Ally would not get any money from the sale. It has returned $4.9 billion to the government through dividend payments and the sale of trust preferred securities. The government currently owns 74 percent of Ally's stock.
Ally and the U.S. Treasury have not said officially when the company would go public or how many shares the government will sell.
The Dow Jones industrial average closed below 12,000 on Friday for the first time since March. It was the market's sixth-straight weekly loss — the longest down series since the fall of 2002. Stocks have suffered this month as weak economic news dampened hopes for a quick economic recovery.
The Dow fell 172 points, or 1.4 percent, to close at 11,952.
Ally spokeswoman Gina Proia and Treasury spokesman Matthew Anderson would not comment on the delay, which was reported Friday by the Financial Times.

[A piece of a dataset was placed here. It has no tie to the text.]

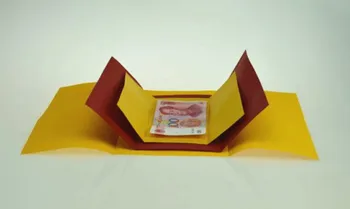 Fazer dinheiro Envelope (Três vezes) Truque de Mágica Comédia Close-Up Magic Adereços projeto de lei de Alteração Magie Envelope Mágico Profissional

Ally, formerly known as GMAC Inc., makes loans to GM and Chrysler customers and finances dealer inventories of cars and trucks. The Detroit-based company received government aid in late 2008 as part of the Bush administration's assistance to the U.S. auto industry. The Obama administration invested additional sums in May and December 2009.
In addition to Ally common stock, Treasury owns $5.9 billion in preferred shares, which are convertible into common stock. For Treasury to break even on the $17.2 billion it gave Ally, it will have to sell the preferred stock for the $5.9 billion it is valued at and make about $6.4 billion from the sale of the common stock.
The company, which also had a mortgage lending division, Residential Capital LLC, had suffered from a strained credit market, the housing downturn and sliding demand for new cars during the recession. At the time, analysts had speculated that the company might have to file for bankruptcy protection or shut down without financial help.
Ally is among the lenders facing billions in potential fines stemming from government investigations into improper mortgage foreclosures. Federal financial regulators already ordered Ally and 15 others to reimburse homeowners who were foreclosed on improperly.
Citi, Goldman Sachs, J.P. Morgan and Morgan Stanley are managing the IPO. The four banks were also involved with GM's IPO last year.